Human rights violations continue – US report
Elisa Muñoz and her husband Joel who were killed by the police. (External source)
Santo Domingo.- The United States has released its 2021 annual human rights report on the Dominican Republic, in which it reiterates that practices that violate the rights of individuals continue to take place in the country.
The report mentions problems such as killings by state security forces; cruel, inhumane, or degrading treatment or punishment by police and other government agents; harsh and life-threatening prison conditions; arbitrary detention; arbitrary interference with privacy; criminal defamation of individual journalists; serious government corruption; and police violence against the LGBTI+ community.
It states that in some cases the Government took steps to prosecute and punish officials who committed human rights abuses or acts of corruption, but that inconsistent and ineffective application of the law sometimes led to impunity.
The report mentions that murders were committed by government agents, thus classifying the extrajudicial executions of civilians at the hands of police agents as a problem. The cases mentioned in the report include the deaths of Joel Díaz and Elizabeth Muñoz, killed by a police patrol on their way home from a religious event, and the case of architect Leslie Rosado.

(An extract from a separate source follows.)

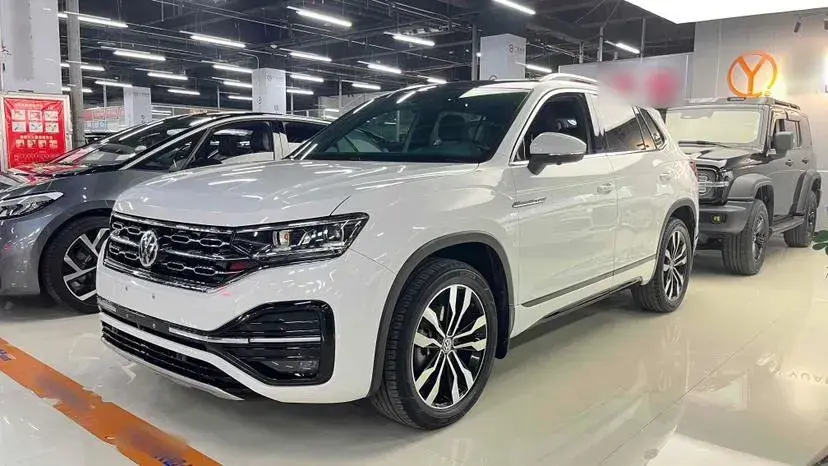 2019 Volkswagen Tayron 2.0T 220HP L4 7DCT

In addition, it lists cases of torture, arbitrary arrests, the large number of people held in pretrial detention, that as of October of last year 59 % of the inmates in the old prison model were in pretrial detention and 62 % in the new one, lasting up to three years in some cases, says the report.
According to the report, the Government did not restrict or cut off Internet access, or censor online content, and there were no violations of academic freedoms and cultural events.
However, it does mention a violation of the freedom of peaceful assembly, which occurred on April 20 at the beginning of the abortion debate, when the police forcibly destroyed the tents of women’s rights activists who were camping in front of the National Palace. It adds that there was a violation of freedom of movement against people of Haitian origin.